ID | Username | Password | First Name | Last Name |
1 Test 1234
Test Testingsworth

It treats it as a new entry. This was my code that did the above.
[php]<?php
error_reporting(0);
session_start();

if (!isset($_POST[‘submit’]))
{
$male= $_POST [‘m_14’];
$female= $_POST [‘f_15’];
$fname= $_POST [‘fn_21’];
$lname= $_POST [‘ln_22’];
$dob= $_POST [‘dob_25’];
$housename= $_POST [‘hn_23’];
$housestreet= $_POST [‘hs_24’];
$pcode= $_POST [‘pc_31’];
$nino= $_POST [‘ni_26’];
$homephone= $_POST [‘ht_28’];
$mobilephone= $_POST [‘mt_30’];
$email= $_POST [‘em_32’];
$emergencyname= $_POST [‘ecn_33’];
$emergencynum= $_POST [‘ecn_34’];

$connect = mysql_connect("127.0.0.1","root","") or die ("Could not Connect to DB");
mysql_select_db("users") or die ("Could not find Database");

	$query = mysql_query("INSERT INTO user VALUES ('','','','$male','$female','$fname','$lname','$dob','$housename','$housestreet','$pcode','$nino','$homephone','$mobilephone','$email','$emergencyname','$emergencynum')") or
	die ("Thankyou");

}
?>[/php]

Then someone suggested this. Now no data will go in the data base but apparently the WHERE statement should work.

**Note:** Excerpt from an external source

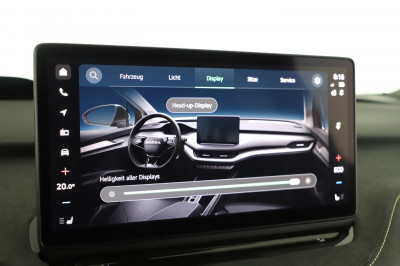 Skoda Enyaq Gebrauchtwagen Skoda Enyaq Gebrauchtwagen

New code (as described above)
[php]<?php
error_reporting(0);
session_start();
if (!isset($_POST[‘submit’]))
{

	$male= $_POST ['m_14'];
$female= $_POST ['f_15'];
$fname= $_POST ['fn_21'];
$lname= $_POST ['ln_22'];
$dob= $_POST ['dob_25'];
$housename= $_POST ['hn_23'];
$housestreet= $_POST ['hs_24'];
$pcode= $_POST ['pc_31'];
$nino= $_POST ['ni_26'];
$homephone= $_POST ['ht_28'];
$mobilephone= $_POST ['mt_30'];
$email= $_POST ['em_32'];
$emergencyname= $_POST ['ecn_33'];
$emergencynum= $_POST ['ecn_34'];

$connect = mysql_connect("127.0.0.1","root","") or die ("Could not Connect to DB");
mysql_select_db("users") or die ("Could not find Database");

	$query = mysql_query("UPDATE `user` SET '$male', '$female', `fn_21`='$fname', `ln_22`='$ln', `dob_25`='$dob', `hn_23`='$housename', `hs_24`='$housestreet', `pc_31`='$pcode', `ni_26`='$nino', `ht_28`='$homephone', `mt_30`='$mobilephone, em_32`='$email', `ecn_33`='$emergencyname', `ecn_34`='$emergencynum' WHERE `ID`='1'");

}
?>[/php]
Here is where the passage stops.